§ **Task details**
Could you write out every entry exactly as it stands?

§ **Record extracts**
»»

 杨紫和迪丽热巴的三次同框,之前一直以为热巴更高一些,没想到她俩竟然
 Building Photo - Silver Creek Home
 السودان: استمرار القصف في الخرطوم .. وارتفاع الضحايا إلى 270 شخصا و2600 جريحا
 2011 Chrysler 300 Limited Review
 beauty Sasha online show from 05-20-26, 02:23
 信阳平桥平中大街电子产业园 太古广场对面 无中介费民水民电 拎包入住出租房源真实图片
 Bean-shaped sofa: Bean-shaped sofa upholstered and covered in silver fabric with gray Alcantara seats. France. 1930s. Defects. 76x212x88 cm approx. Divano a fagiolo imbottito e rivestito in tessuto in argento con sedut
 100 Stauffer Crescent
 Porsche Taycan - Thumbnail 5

««

§ **Answer section**
 杨紫和迪丽热巴的三次同框,之前一直以为热巴更高一些,没想到她俩竟然
 Building Photo - Silver Creek Home
 السودان: استمرار القصف في الخرطوم .. وارتفاع الضحايا إلى 270 شخصا و2600 جريحا
 2011 Chrysler 300 Limited Review
 beauty Sasha online show from 05-20-26, 02:23
 信阳平桥平中大街电子产业园 太古广场对面 无中介费民水民电 拎包入住出租房源真实图片
 Bean-shaped sofa: Bean-shaped sofa upholstered and covered in silver fabric with gray Alcantara seats. France. 1930s. Defects. 76x212x88 cm approx. Divano a fagiolo imbottito e rivestito in tessuto in argento con sedut
 100 Stauffer Crescent
 Porsche Taycan - Thumbnail 5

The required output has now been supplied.